An Online Learning Approach to Optimizing Time-Varying Costs of AoI
This work addresses the challenge of unknown and adversarial costs in real-time monitoring systems, offering incremental improvements to online learning for restless multi-armed bandits.
The paper tackles the problem of optimizing time-varying costs for timely monitoring in communication networks by designing online learning algorithms that achieve sublinear regret compared to fixed and dynamic policies, with applications in mobility tracking showing performance benefits over oblivious scheduling.
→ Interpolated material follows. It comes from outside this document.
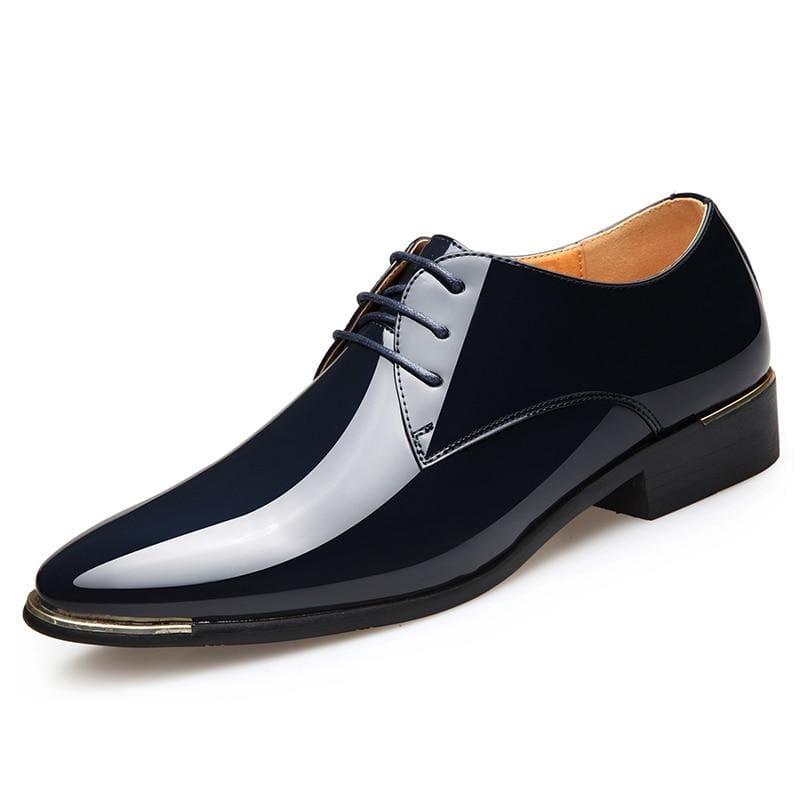 quality patent soft leather man shoes shoes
We consider systems that require timely monitoring of sources over a communication network, where the cost of delayed information is unknown, time-varying and possibly adversarial. For the single source monitoring problem, we design algorithms that achieve sublinear regret compared to the best fixed policy in hindsight. For the multiple source scheduling problem, we design a new online learning algorithm called Follow-the-Perturbed-Whittle-Leader and show that it has low regret compared to the best fixed scheduling policy in hindsight, while remaining computationally feasible. The algorithm and its regret analysis are novel and of independent interest to the study of online restless multi-armed bandit problems. We further design algorithms that achieve sublinear regret compared to the best dynamic policy when the environment is slowly varying. Finally, we apply our algorithms to a mobility tracking problem. We consider non-stationary and adversarial mobility models and illustrate the performance benefit of using our online learning algorithms compared to an oblivious scheduling policy.